“Ik heb echt even staan janken toen ik die lekke band had, vooral toen hij na het oppompen nog steeds zacht bleek te zijn.” Na 155 kilometer te hebben gefietst met zijn ‘vingers tussen de deur’, zoals Michiel de Wilde het zelf mooi verwoord, gooide een lekke band roet in het eten. Ondanks dat De Wilde met een patroon nog wat lucht in zijn band wist te krijgen, was het onvoldoende om snelheid te kunnen maken. De minuten die De Wilde met zoveel moeite had goedgemaakt na het zwemmen verdwenen als sneeuw voor de zon en daarmee ook de motivatie om Ironman Tulsa nog te volbrengen. We spreken hem over deze teleurstelling.

“Het is super irritant, want het was eigenlijk de beste race van mijn leven”, blikt De Wilde terug. “Ik zwom beter dan normaal en lag eigenlijk wel goed in een groep. Ik merkte dat niemand het echt boeide om een bepaalde tijd te zwemmen, want mensen die voor een tijd racen doen het als een soort timetrial van A naar B. Bij het zwemmen gingen we de eerste 500 meter heel hard weg, maar daarna zwommen we echt chill. Ook na de boei werd er steeds even volle bak gezwommen, maar dan ook weer rustig. Met fietsen was dat hetzelfde”, spoelt De Wilde – die rond een 30e plaats op tien minuten van de kop uit het water kwam – vooruit naar het volgende onderdeel.

‘Het was echt een positiespel’

“Ik zat samen met Michael Weiss op de fiets en we zijn met zijn tweeën naar voren gefietst. Dat was super tof, want het ging heel goed. We reden in de stromende regen, het was erg vochtig en redelijk warm. Het wegdek was ook best wel slecht, met veel bobbels en gaten. Maar we bleven mensen inhalen, op een gegeven moment ook bekende atleten. Rond 80 kilometer kwam Boris Stein erbij; dat is echt een goede fietser. Met zijn drieën hebben we toen een grote trein ingehaald en die daarna deels mee getrokken. Het toffe was dat we de hele tijd volle bak omhoog reden, maar dan heel rustig naar beneden. Sommige stukken trapten we daardoor maar 100 watt, maar andere stukken juist tegen de 400 watt. Het was echt een positiespel en dat was mentaal heel leuk.”

‘Laat maar’

Maar na de grote inspanning die De Wilde leverde om mensen in te halen, zakte hij door een lekke band vlak voor de wissel weer net zo hard terug in het veld. “Super shit…maar er waren nog genoeg gasten achter mij. Dus ik heb snel de band gewisseld en wilde weer door…maar hij bleef zacht, ook na het patroon. Dus toen ben ik doorgefietst en heb ik gewacht op een motor. Dat duurde vijftien minuten en ik kon maar 26 kilometer per uur fietsen in die tijd. Hij heeft toen mijn band opgepopt, maar toen dacht ik op een gegeven moment wel ‘laat maar’. Dan heb je zoveel moeite gedaan en pijn geleden om hard te fietsen en zie je gasten die je eerder hebt ingehaald weer voorbij komen. Dan kun je nog wel een ‘oké marathon’ lopen voor een ‘oké uitslag’, maar voor een 25e plek in 8:30 uur kom je hier niet.”

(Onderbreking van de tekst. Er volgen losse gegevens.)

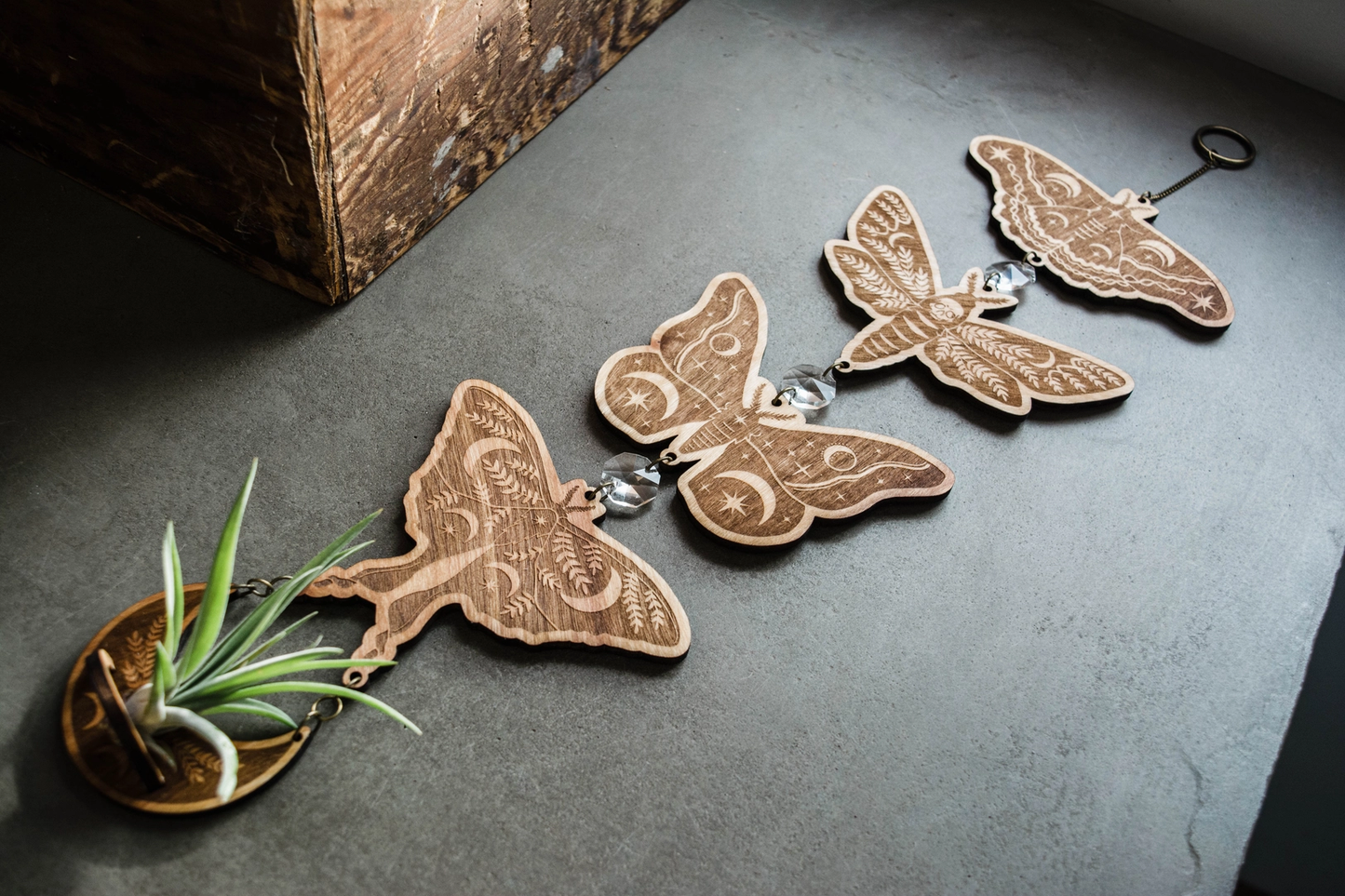 Four Moth Air Plant Holder Suncatcher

‘Dat wordt nooit comfortabel’

Over zijn vorm met zwemmen en fietsen is De Wilde in ieder geval tevreden. “En met lopen ben ik er ook zeker van dat het goed zou zijn gegaan. Maar ik ga nu mijn benen sparen en Ironman UK of Ironman Coeur d’Alene doen. Dan ga ik daarvoor misschien nog naar Joe (Skipper, red.) toe om daar te trainen óf ik ga eerder naar Amerika toe. Ik ben er mentaal in ieder geval wel weer op voorbereid. Een Ironman is gewoon echt lang…dus ik weet weer waar ik in mijn trainingen nog bij moet schaven. Maar mentaal ben ik wel echt sterker geworden; zeker met fietsen…je kunt blokken rijden wat je wil, maar 180 kilometer met je vingers tussen de deur fietsen wordt nooit comfortabel.”